Author Archives: josie

Below are written reflections from a group of MSP presenters. We asked them about what they gained or learned from their participation, as well as ways to strengthen the MSP moving forward. Below are some selected quotes and ideas.

Overall, how was it for you to participate in the Men’s Story Project?

“It was a great experience. I gained new insight into my past, stronger ties to those that were already close to me who didn’t understand or didn’t know my darkest time. I gained confidence. I’ve made connections with and gained respect from people I’ve never met. I saw positive examples of masculinity and maleness. I met men that I wouldn’t mind calling my friends, when all I’ve ever harbored towards it all is resentment and anger. I’ve seen opportunities I hope my brother will have when he goes off to college to do the same. The list goes on…”

“It was absolutely worth the time! I felt better able to articulate my feelings and I gained a lot just from hearing the other stories.”

“I loved this experience.  I left my comfort zone of the world of athletics and entered a completely different forum.  I need this.  We all need this.”

“The opportunity to work with the wonder artists/performers/presenters beside me. I learned a lot from their pieces and their feedback. Singing my song was also very cathartic for me as an artistic expression of my reflections on my childhood.”
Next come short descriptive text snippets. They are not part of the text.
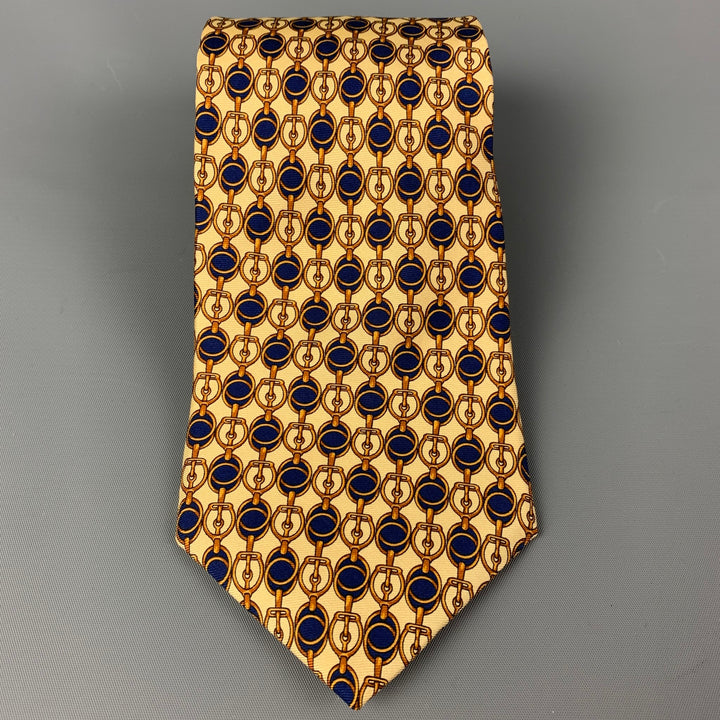 METROPOLITANVIEW Yellow Navy Equestrian Silk Tie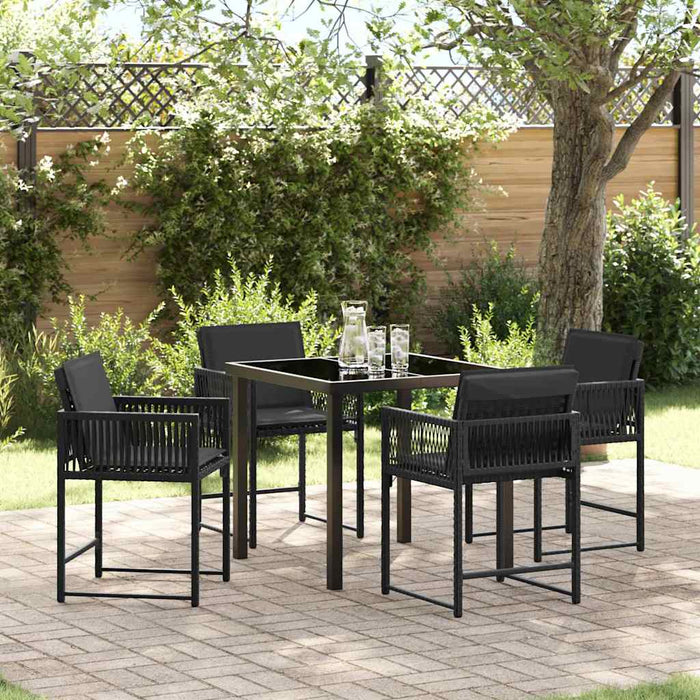 Set de masă pentru grădină 5 pcs Negru poliratan - WALTI WALTI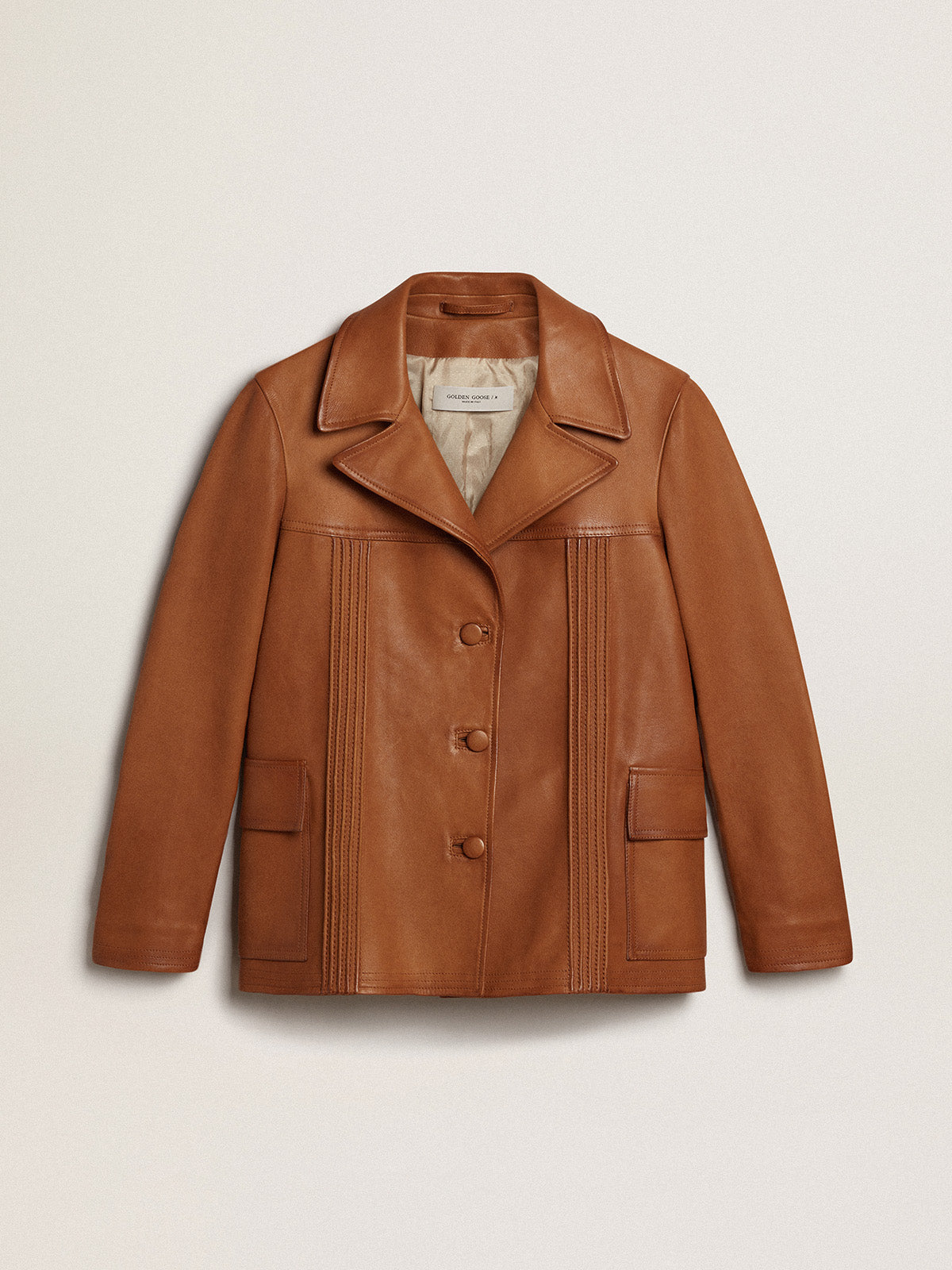 Bronze-brown leather jacket| Golden Goose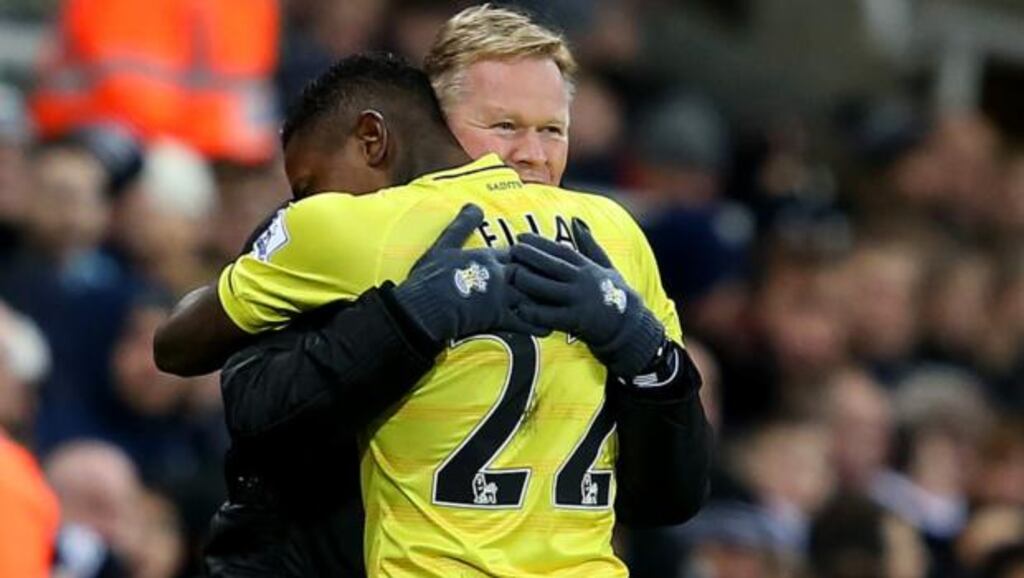 Eljero Elia of Southampton celebrates with manager Ronald Koeman after his first goal at St James’s Park. Photograph: Jan Kruger/Getty Images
“It was a wonderful and gratifying experience. I learned about many ways to think about gender and masculinity, and also had the opportunity to explore my own relationship to gender.”
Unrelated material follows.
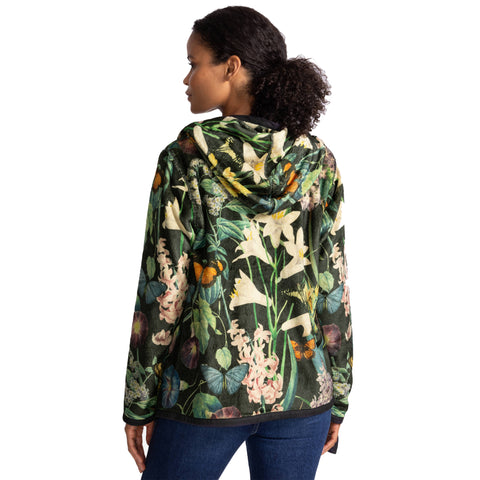 Johnny Was Joan Cozy Sherpa Jacket Monarch Hood Reversible Floral Black Green NEW
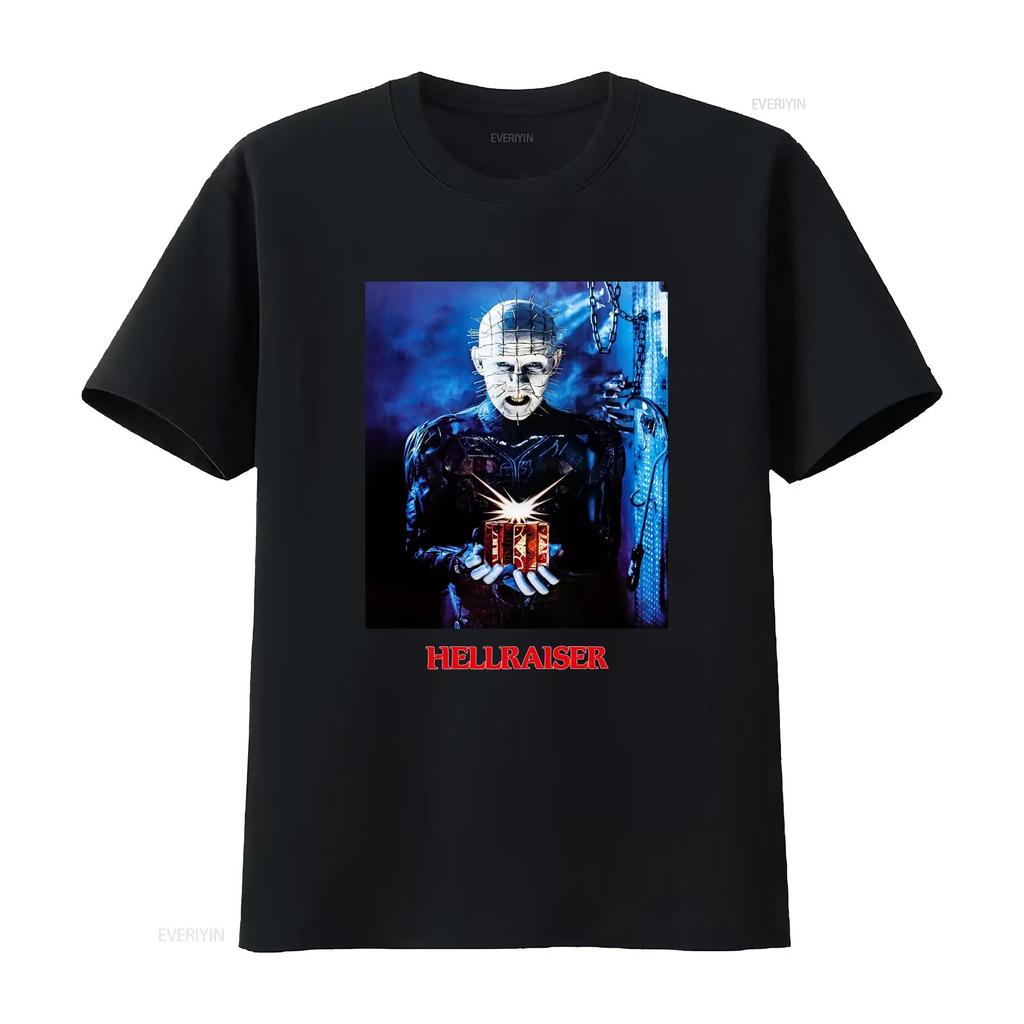 Hellraiser Pinhead T Shirt horror movie vintage Washed homme Stretched streetwear Soft Comfortable Unisex designer clothes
“It was a great experience, and I’m glad that I did it.  I feel more validated after having the opportunity to voice a lot of my thoughts that I’d held onto for myself for so long.”

“Absolutely loved it, I gained the most from other participants’ stories. Sharing the stage was a wonderful experience.”
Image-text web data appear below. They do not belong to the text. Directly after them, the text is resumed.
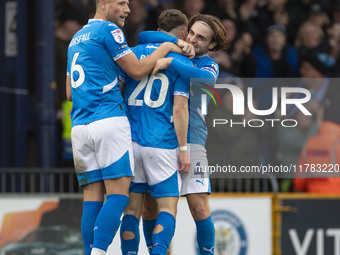 Louie Barry, number 20 of Stockport County F.C., celebrates his goal during the Sky Bet League 1 match between Stockport County and Wrexham...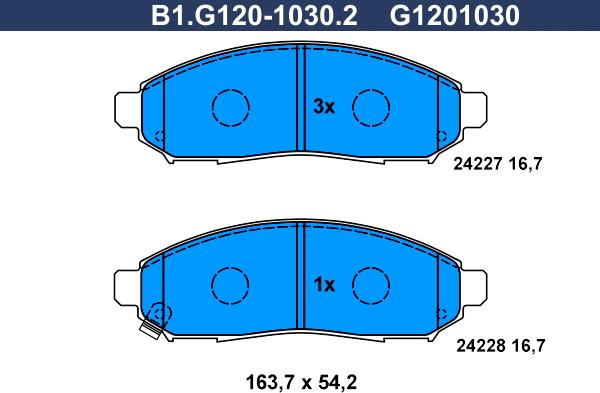 Galfer B1.G120-1030.2 - Kit de plaquettes de frein, frein à disque cwaw.fr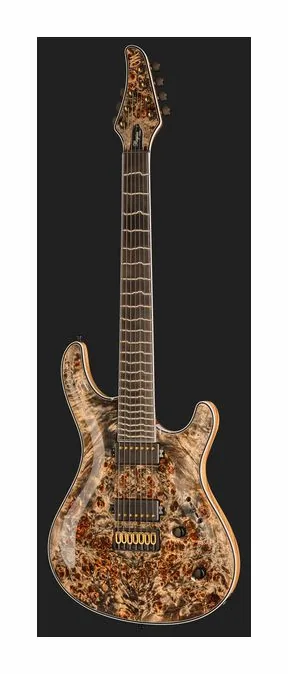 Mayones Guitars Regius Core 7 Trans Graphite, corpo e verniciatura in primo piano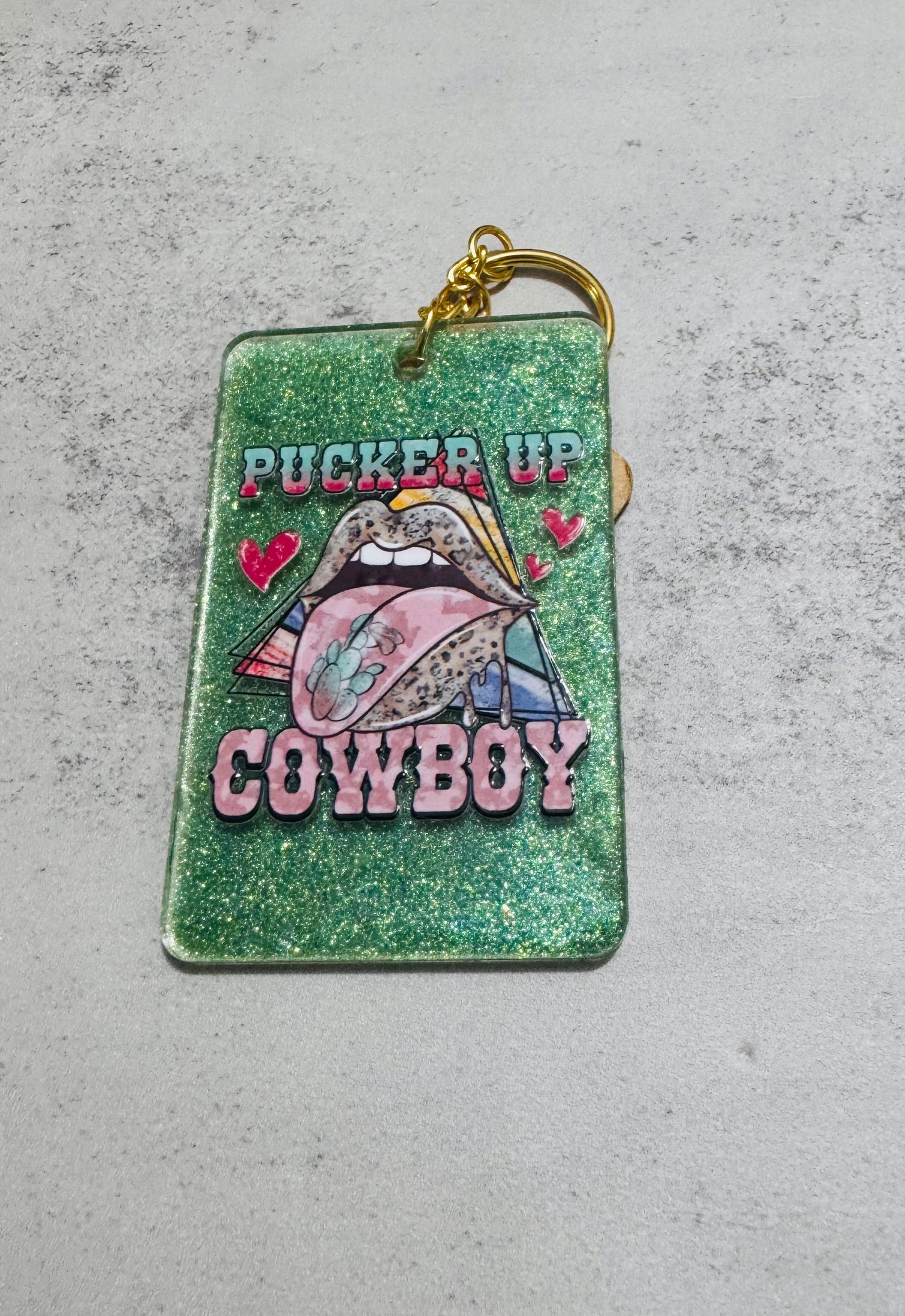 Puckerup Cowboy Resin Keychain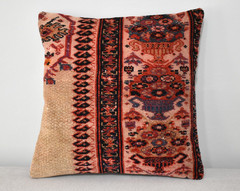 Antique Pillow Cover Sofa Rug 16” x 16” Made of Antique Cushion Cover Carpet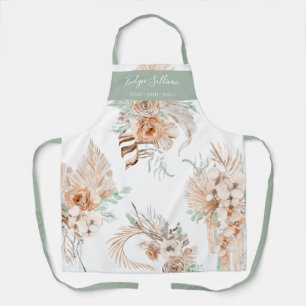 Tablier Bouquets Tropiques Beige Pêche À La Menthe Apron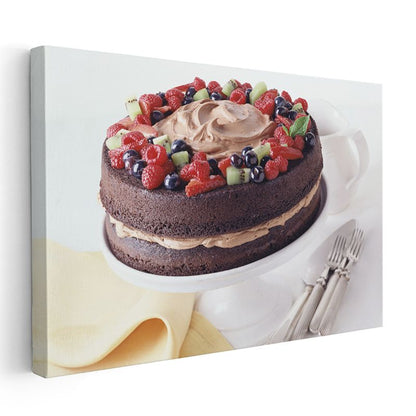 Meyveli Çikolata Pastası - Özel Tatlı Sunumu Kanvas Tablo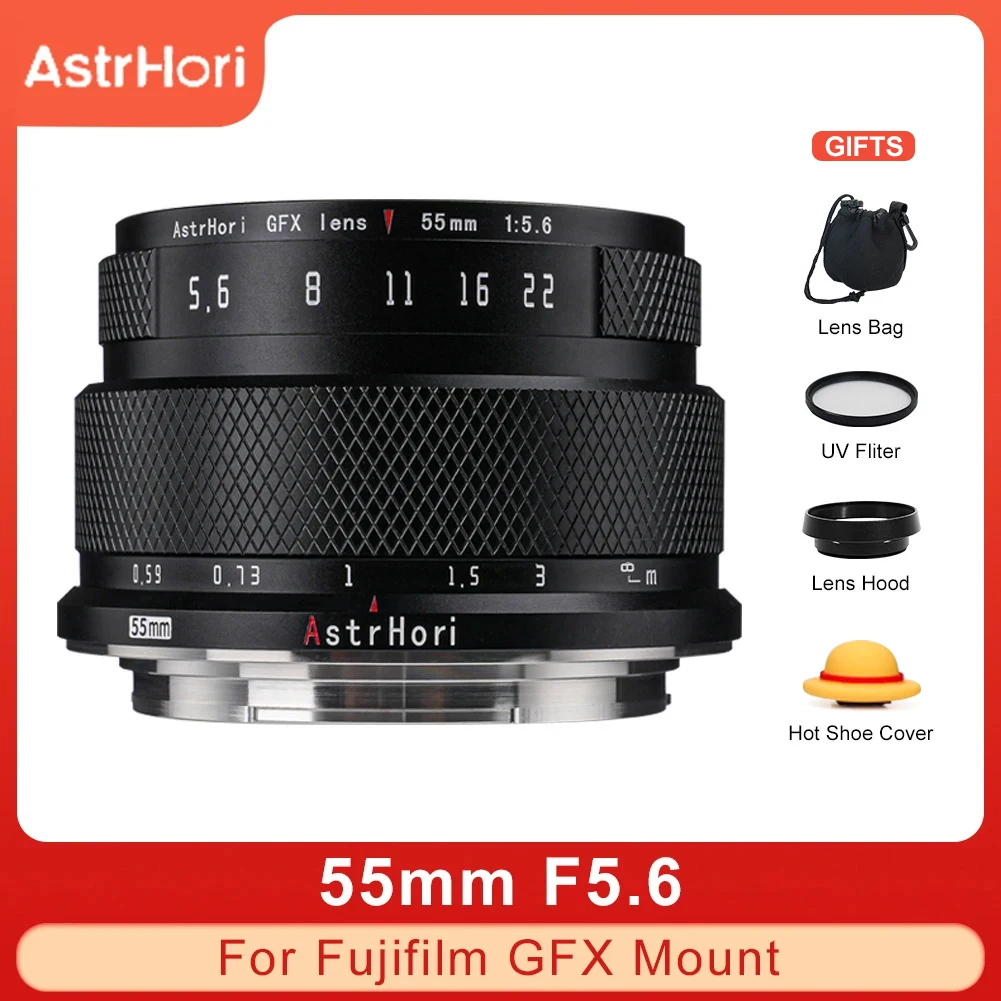 Astrhori 55Mm F5.6 Messa A Fuoco Manuale Di Medio Formato Fujifilm Gfx Mount Obiettivo Della Fotocamera Per Fuji Gfx-Mount Gfx 50S 50Sii 50R 100S G Mo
“I very much appreciated the opportunity to express myself. I very much enjoyed meeting new people and making new friends.”

“It was fantastic. I feel like I gained insight into my own life and identity, as well as sharing a message that was important to me.”

What, if anything, do you feel you gained or learned from writing your story and sharing it publicly?

“It was a boost of confidence, for sure and incredibly validating, which is something that I still lack across the board (namely, from family). I felt supported by the crowd of friends, acquaintances and strangers that listened and responded and applauded for me. It’s allowed me to make connections with students on campus I may never have otherwise. People have been recognizing me from the performance since. It’s a nice feeling, to be recognized for something I’m proud of.”

“Honestly, I got a lot of affirmation after telling my story, and I really appreciated that. I learned that there are a lot of people on this campus who haven’t heard the ideas expressed at the event in any sort of personal way. People (men less so, interestingly) really want to have productive conversations about masculinity, and performing opened the door for me to have some of these conversations with my friends.”

“I am comfortable speaking to large groups:  it is something I do quite often.  But the topic is typically based on sports / lacrosse.  The Men’s Story Project pushed me to be open emotionally and available to others.  This is not my normal mode of operation!!  I appreciate this opportunity to challenge myself.”

“I further explored that even for me, a cis male, the gender lines are blurred and the man box is constraining to a harmful extent.”

“I learned a great deal about my own relationship to gender and masculinity and the trauma embedded in it.”

“I learned a bit more about my own creative writing process and to be a bit more candid with myself and my experiences.”

“I feel like I was able to succinctly articulate how I felt in a way that was accessible first and foremost to myself (in addition to the audience)”

“I kept thinking, “own what is mine.” The process helped me feel safe and OK about my story.”

What, if anything, do you feel you gained or learned from the playshop and run-through and your interactions with the other storytellers?

“Coinciding with my experiences in the Masculinity101 group I’ve learned that there is a place for me within masculinity and maleness, and that much of what I’ve felt in relation to these concepts that are now part of my identity is not exclusive to someone who is transgender. Not only that, but cis males were able to connect with me through my story despite never having lived my experience. It felt like I had found a community within this group of individuals that had all felt excluded in their own ways.”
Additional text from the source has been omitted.